--- What you need to do ---
Only the lines from the one that contains "Radiátor TONDI-E elektrické" to the last line below, both included, should be transcribed. Pictures stay out of the copy.

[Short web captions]
"""
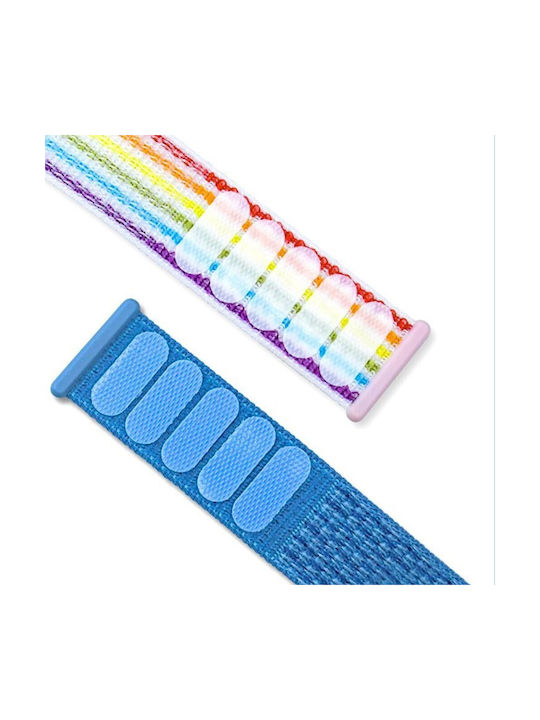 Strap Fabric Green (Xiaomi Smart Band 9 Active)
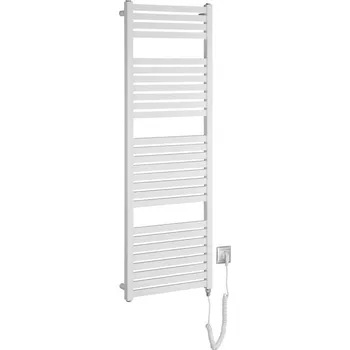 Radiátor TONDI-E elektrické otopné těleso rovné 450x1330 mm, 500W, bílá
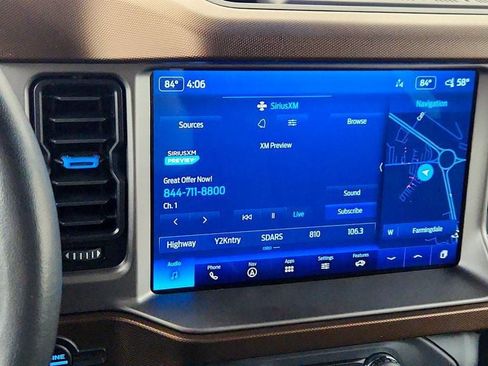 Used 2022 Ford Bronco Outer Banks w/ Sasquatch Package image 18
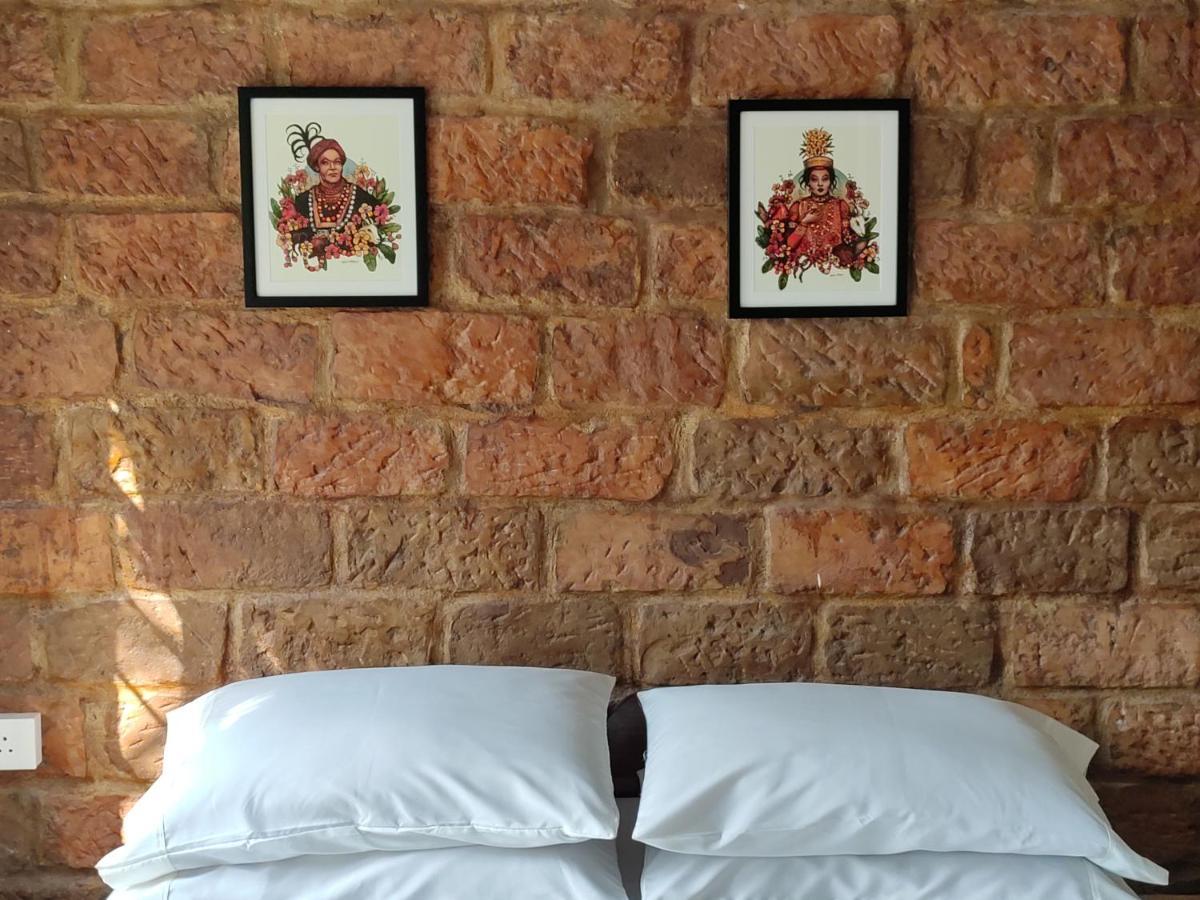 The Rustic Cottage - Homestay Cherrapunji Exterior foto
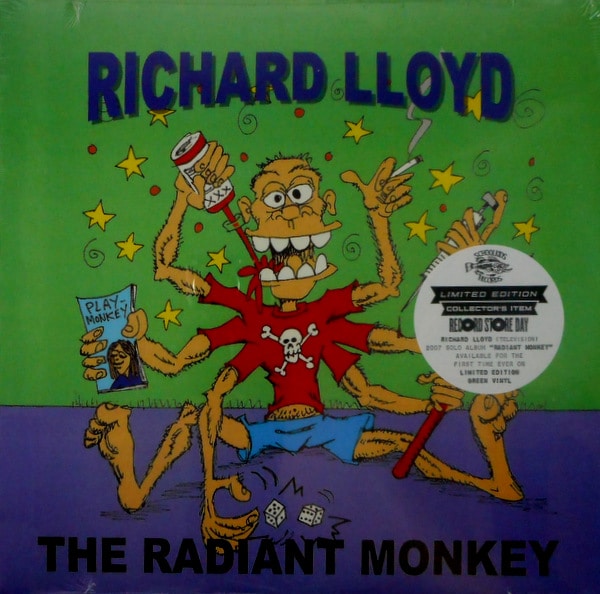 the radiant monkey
"""
--- Response to this exercise ---
 Radiátor TONDI-E elektrické otopné těleso rovné 450x1330 mm, 500W, bílá
 Used 2022 Ford Bronco Outer Banks w/ Sasquatch Package image 18
 The Rustic Cottage - Homestay Cherrapunji Exterior foto
 the radiant monkey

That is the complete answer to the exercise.